Saved entries

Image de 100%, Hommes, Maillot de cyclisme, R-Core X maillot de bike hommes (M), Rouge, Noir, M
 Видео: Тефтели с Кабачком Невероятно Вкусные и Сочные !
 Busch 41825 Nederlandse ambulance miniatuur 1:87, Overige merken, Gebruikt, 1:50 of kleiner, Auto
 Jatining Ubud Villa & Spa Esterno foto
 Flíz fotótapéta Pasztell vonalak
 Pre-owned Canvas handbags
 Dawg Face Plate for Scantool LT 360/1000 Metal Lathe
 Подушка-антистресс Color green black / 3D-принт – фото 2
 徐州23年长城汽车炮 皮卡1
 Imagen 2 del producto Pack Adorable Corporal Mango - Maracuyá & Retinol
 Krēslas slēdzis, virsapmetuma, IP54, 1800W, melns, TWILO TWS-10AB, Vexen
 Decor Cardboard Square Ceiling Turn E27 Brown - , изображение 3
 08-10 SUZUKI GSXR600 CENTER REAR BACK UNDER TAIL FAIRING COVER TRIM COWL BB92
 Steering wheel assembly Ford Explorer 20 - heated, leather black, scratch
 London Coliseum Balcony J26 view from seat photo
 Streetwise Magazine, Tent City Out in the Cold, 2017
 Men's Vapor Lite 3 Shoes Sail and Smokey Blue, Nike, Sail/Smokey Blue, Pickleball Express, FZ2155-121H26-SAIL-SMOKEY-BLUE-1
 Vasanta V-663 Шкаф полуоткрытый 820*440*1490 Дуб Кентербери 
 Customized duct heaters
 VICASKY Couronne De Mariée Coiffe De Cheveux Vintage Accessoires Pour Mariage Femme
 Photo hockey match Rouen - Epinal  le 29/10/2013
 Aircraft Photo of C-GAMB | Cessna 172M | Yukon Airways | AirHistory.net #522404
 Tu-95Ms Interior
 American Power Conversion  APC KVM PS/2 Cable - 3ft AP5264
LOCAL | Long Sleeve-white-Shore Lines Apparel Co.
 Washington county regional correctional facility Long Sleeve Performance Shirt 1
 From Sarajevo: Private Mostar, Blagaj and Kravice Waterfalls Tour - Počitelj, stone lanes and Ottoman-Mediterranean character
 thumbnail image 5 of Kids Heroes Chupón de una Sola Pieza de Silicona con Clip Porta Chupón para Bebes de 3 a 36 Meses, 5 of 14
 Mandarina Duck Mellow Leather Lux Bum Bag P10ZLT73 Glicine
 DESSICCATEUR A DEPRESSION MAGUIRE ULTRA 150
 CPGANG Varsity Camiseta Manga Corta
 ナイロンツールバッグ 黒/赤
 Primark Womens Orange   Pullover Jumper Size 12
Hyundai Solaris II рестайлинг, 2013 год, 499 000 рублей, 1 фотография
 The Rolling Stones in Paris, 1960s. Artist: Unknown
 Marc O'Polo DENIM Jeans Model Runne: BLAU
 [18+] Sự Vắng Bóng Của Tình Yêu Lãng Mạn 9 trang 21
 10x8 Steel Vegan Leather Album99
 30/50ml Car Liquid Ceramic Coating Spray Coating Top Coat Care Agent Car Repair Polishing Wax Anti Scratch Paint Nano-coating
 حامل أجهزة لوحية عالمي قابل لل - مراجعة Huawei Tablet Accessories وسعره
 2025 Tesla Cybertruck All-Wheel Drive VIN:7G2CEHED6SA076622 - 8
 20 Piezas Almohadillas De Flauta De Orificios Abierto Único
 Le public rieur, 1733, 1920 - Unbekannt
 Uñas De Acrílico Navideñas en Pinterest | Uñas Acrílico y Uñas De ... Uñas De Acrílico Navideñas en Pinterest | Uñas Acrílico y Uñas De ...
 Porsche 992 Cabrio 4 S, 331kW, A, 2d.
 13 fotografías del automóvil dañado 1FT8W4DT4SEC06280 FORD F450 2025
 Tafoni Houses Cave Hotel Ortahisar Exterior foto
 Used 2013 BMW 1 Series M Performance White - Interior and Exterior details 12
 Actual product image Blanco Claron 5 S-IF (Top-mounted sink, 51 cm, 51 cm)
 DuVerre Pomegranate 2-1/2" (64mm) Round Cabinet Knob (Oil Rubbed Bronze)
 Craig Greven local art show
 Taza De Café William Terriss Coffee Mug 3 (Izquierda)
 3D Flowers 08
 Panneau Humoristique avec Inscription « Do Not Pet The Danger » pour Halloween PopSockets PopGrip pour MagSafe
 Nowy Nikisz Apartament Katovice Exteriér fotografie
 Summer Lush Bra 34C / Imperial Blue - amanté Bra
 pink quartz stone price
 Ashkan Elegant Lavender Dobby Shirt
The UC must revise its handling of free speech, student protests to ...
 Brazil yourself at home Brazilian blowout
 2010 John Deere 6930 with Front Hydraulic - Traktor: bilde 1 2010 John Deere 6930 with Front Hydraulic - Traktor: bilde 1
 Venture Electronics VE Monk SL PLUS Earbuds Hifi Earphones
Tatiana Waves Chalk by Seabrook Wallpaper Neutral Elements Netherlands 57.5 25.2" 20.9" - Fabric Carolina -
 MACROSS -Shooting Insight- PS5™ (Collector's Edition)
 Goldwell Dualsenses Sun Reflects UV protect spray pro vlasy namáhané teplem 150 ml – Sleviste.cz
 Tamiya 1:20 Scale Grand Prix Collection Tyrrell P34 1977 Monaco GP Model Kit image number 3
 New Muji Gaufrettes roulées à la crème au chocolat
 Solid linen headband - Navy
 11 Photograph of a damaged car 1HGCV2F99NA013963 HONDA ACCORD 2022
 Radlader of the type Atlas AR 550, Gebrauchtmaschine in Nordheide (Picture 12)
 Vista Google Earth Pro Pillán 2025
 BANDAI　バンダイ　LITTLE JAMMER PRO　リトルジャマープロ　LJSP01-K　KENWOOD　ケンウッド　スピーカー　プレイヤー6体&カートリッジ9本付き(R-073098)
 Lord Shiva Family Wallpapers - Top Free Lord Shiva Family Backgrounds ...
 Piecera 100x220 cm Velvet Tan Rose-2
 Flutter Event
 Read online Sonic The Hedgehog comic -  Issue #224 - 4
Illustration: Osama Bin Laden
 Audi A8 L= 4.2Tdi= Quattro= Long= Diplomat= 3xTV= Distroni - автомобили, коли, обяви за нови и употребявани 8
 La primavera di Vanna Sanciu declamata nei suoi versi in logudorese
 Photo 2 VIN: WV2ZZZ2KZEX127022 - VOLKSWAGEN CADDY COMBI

* _What is needed_: Repeat the line that contains "La primavera di", then every line after it until the records end, with nothing added.

* _Task output_:
 La primavera di Vanna Sanciu declamata nei suoi versi in logudorese
 Photo 2 VIN: WV2ZZZ2KZEX127022 - VOLKSWAGEN CADDY COMBI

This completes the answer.